Data Preparation, Interpretation and Analysis
Analyzing survey data is an important and exciting step in the survey process.
It is the time that you may reveal important facts about your customers,
uncover trends that you might not otherwise have known existed, or provide
irrefutable facts to support your plans. By doing in-depth data comparisons,
you can begin to identify relationships between various data that will help you
understand more about your respondents, and guide you towards better decisions.

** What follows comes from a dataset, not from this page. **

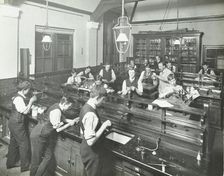 Technical instruction, Haselrigge Road School, Clapham, London, 1914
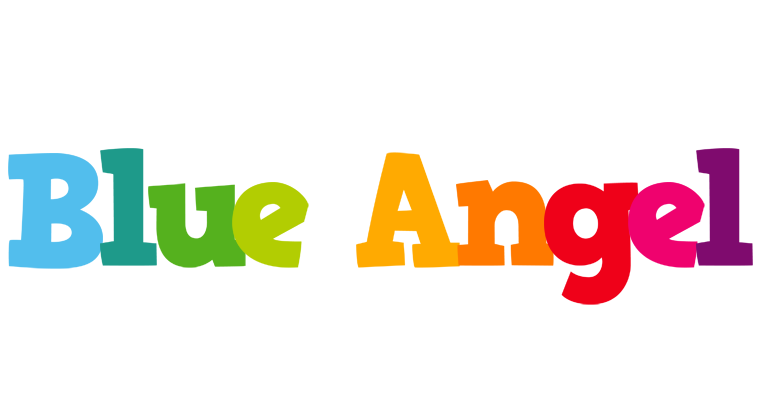 Blue Angel rainbows logo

This article gives you a brief overview of how to analyze survey results. It
does not discusses specific usage of eSurveysPro for conducting analysis as it
is intended to provide a foundation upon which you can confidently conduct your
own survey analysis no matter what tool you use.
Three Common Mistakes
Before you dive into analyzing your survey results, take a look back at the big
picture. What objectives were you trying to accomplish when you created your
survey? Did your survey instrument meet those objectives? Is the data you
collected the right data? Do you have sufficient data to properly reach a
Although data analysis is the wrong time to try and rewrite your survey
instrument, it is important to remember the scope of your project and stick to
it. Many first time surveyors attempt to read "between the lines" while
analyzing data. They attempt to answer questions that were not asked by making
inferences and assumptions from those that were asked. Doing so amounts to
nothing more than guesswork. To avoid this temptation, remember this simple
Rule 1: If you did not ask you do not know.
Another common mistake that many first time surveyors make is to attempt to
change data to compensate for poor question design. For example, if a question
asked a respondent to indicate his total household income using a scale of
values, a mean and median cannot be calculated. Many people try to get around
this by assigning each response a value representing the range. Even if the
adjustment is made consistently across all responses, the resulting
calculations will be wrong. Similarly, trying to analyze a multiple-choice
question as if it was a single-select question will often provide erroneous
information. In order to avoid this pitfall, remember this simple rule:
Rule 2: Do not alter data to compensate for bad survey design.
A second mistake inexperienced surveyors make is to project the findings to an
audience that was not either part of the survey population or not adequately
represented. For example, if an HR manager conducts a benefits survey and
invites all employees to participate, most people would assume that the results
represent all employees since everyone had an opportunity to participate.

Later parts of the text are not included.